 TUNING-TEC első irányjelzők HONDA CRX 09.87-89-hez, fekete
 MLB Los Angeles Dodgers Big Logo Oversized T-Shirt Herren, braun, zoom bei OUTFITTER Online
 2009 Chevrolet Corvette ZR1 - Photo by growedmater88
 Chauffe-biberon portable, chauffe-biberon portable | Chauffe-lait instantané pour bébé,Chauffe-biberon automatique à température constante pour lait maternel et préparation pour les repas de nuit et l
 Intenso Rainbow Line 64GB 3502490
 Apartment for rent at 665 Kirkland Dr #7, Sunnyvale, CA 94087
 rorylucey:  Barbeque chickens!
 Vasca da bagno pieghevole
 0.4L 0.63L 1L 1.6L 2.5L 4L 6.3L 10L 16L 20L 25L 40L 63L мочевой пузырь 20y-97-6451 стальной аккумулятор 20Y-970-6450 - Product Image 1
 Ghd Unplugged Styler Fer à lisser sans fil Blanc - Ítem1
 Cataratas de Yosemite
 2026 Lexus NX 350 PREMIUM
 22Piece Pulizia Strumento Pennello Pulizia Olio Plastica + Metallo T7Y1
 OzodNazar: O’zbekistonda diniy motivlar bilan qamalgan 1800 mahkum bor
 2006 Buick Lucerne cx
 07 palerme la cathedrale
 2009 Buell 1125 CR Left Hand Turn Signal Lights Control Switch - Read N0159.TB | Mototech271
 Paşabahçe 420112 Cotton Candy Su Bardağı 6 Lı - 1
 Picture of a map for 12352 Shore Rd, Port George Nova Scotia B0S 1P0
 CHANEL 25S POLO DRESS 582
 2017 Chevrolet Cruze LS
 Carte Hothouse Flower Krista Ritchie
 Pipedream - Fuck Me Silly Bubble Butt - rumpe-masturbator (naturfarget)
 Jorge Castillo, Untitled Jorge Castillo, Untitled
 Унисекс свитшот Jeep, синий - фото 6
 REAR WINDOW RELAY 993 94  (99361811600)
____________________
### Aim of the exercise:
Among the records above, extract exactly the lines from the line with "MLB Los Angeles" to the line with "Apartment for rent", both lines included, and leave out the rest.

### Response:
 MLB Los Angeles Dodgers Big Logo Oversized T-Shirt Herren, braun, zoom bei OUTFITTER Online
 2009 Chevrolet Corvette ZR1 - Photo by growedmater88
 Chauffe-biberon portable, chauffe-biberon portable | Chauffe-lait instantané pour bébé,Chauffe-biberon automatique à température constante pour lait maternel et préparation pour les repas de nuit et l
 Intenso Rainbow Line 64GB 3502490
 Apartment for rent at 665 Kirkland Dr #7, Sunnyvale, CA 94087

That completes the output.